In 1956 a law was passed to distribute all ḵāleṣajāt except pastures, forests, buildings, and properties needed for government institutions. This task was entrusted to the ḵāleṣajāt department within the Ministry of Agriculture. Distribution started in 1958, but by 1961 only 55 of the 1,350 ḵāleṣa villages had been distributed, although the number of ḵāleṣa villages is variously reported (U.S. Army, pp. 453-54; Gharatchedaghi, pp. 47-66; Najmabadi, pp. 59-98). According to the 1956 census, the crown estate villages amounted to 812, or 2 percent of the total of some 40,000 villages (Iran Almanac, 1963, p. 386). A new land-reform law passed in 1962 would speed up the land distribution process.

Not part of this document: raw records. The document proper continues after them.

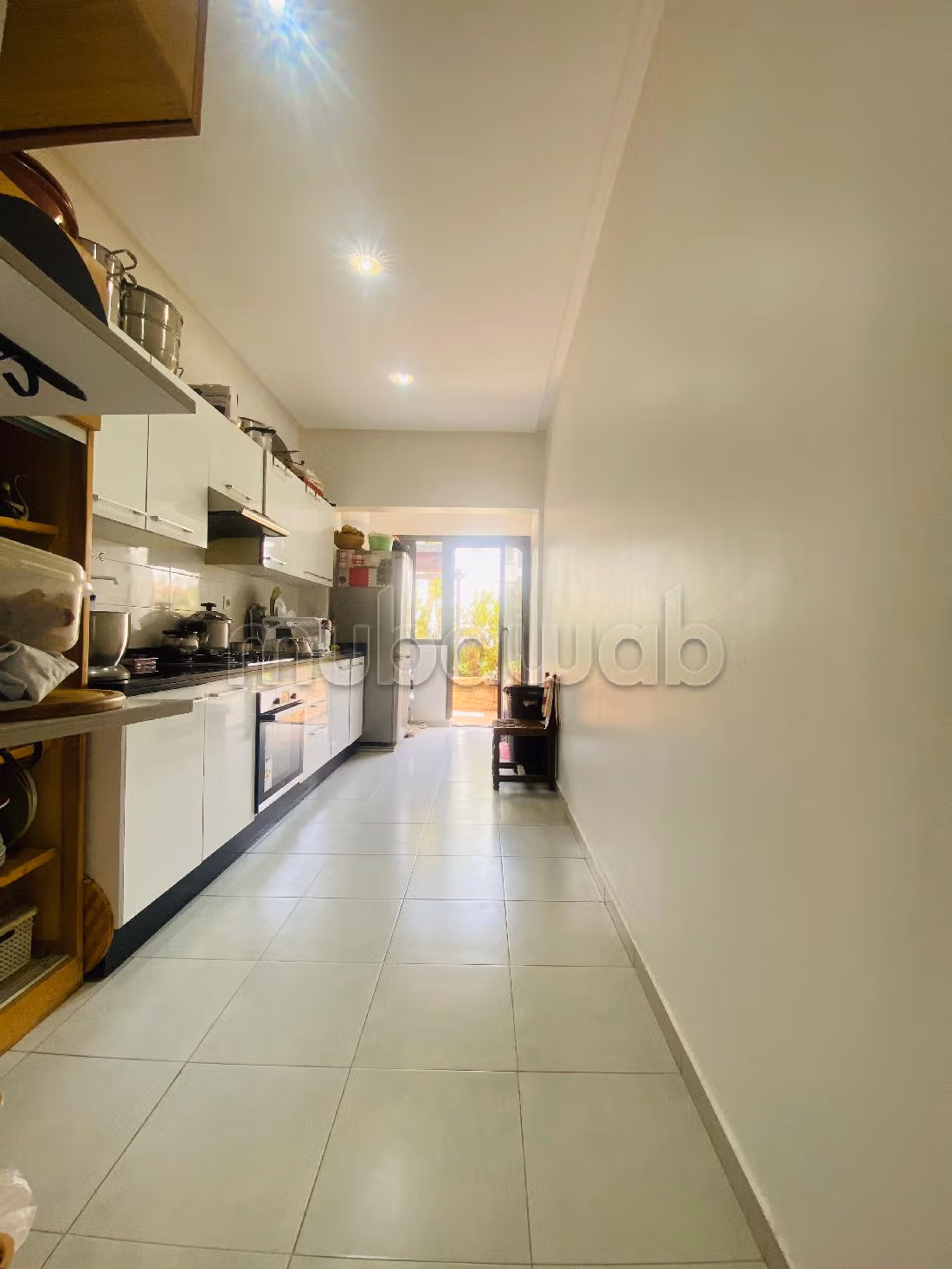 شقة رائعة للبيع ب فيكتوريا. 3 غرف ممتازة. مع المرآب والمصعد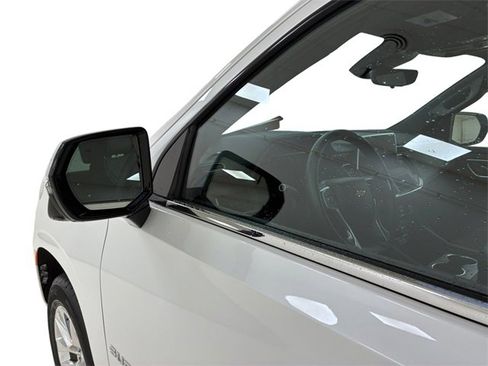 Used 2024 Chevrolet Suburban Premier w/ Advanced Technology Package image 10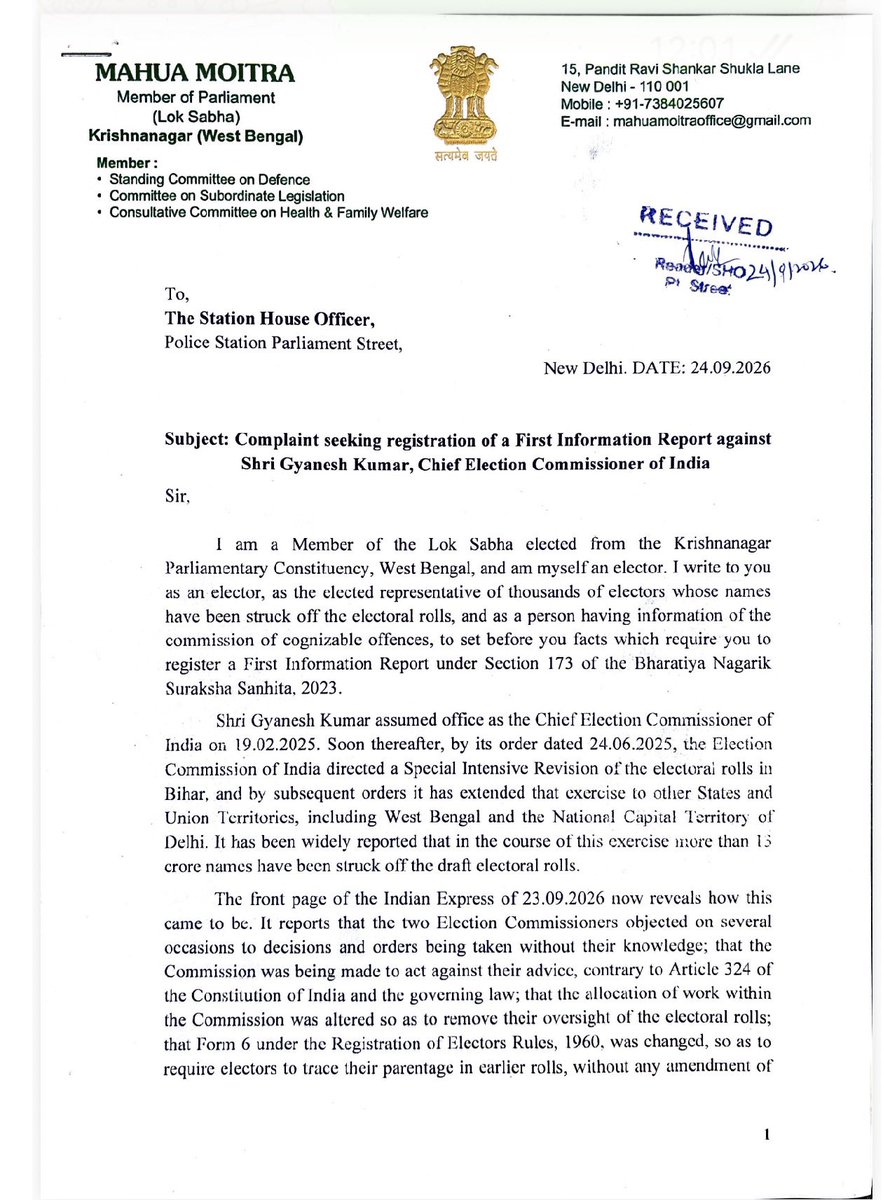 MahuaMoitra's tweet photo. Gyanesh Chor Kumar is rogue agent who acted without consent of other 2 ECs. Disenfranchising genuine voters is not official duties. He cannot enjoy immunity. He needs to be prosecuted. Simple. https://t.co/YKFp8OgV5h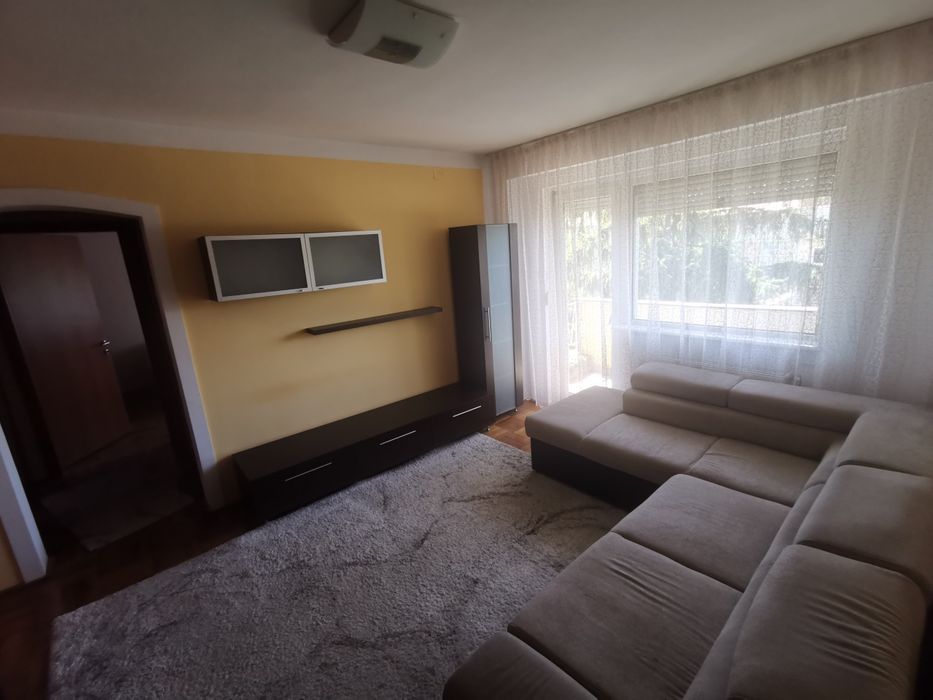 Inchiriez Ap 2 camere zona Podgoria
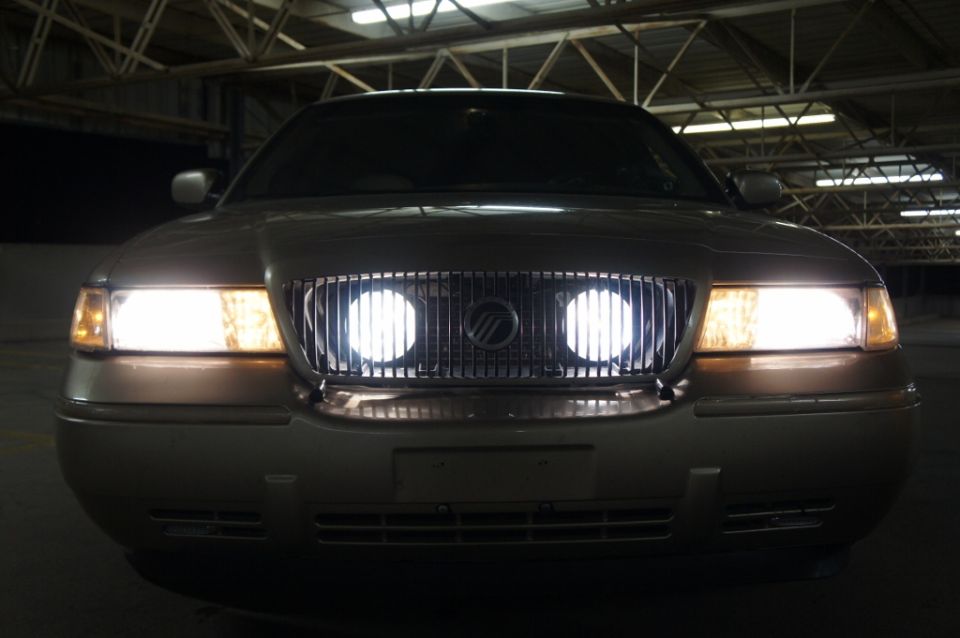 Front view of a 2000 Mercury Grand Marquis with its headlights and fog lights on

On 31 January 1963, the newspaper Eṭṭelāʿāt reported that, between 1953 and 1962, 517 of 1,008 villages had been distributed (that is, long-term leased) by the shah; the remainder were in dispute, and their title had been transferred to the Pahlavi Foundation for distribution. State-owned estates in urban areas were sold to the highest bidders (Iran Almanac, 1963, p. 395; for later years see ibid., 1965, p. 525; 1966, pp. 571-72; 1968, p. 534; 1969, pp. 522-23; 1970, pp. 523-24; 1972, pp. 560-61; 1973, pp. 406-7; Lambton, 1969, pp. 118-19, 156-61; Najmabadi, pp. 99-100). This signaled the end of ḵāleṣa property in Iran.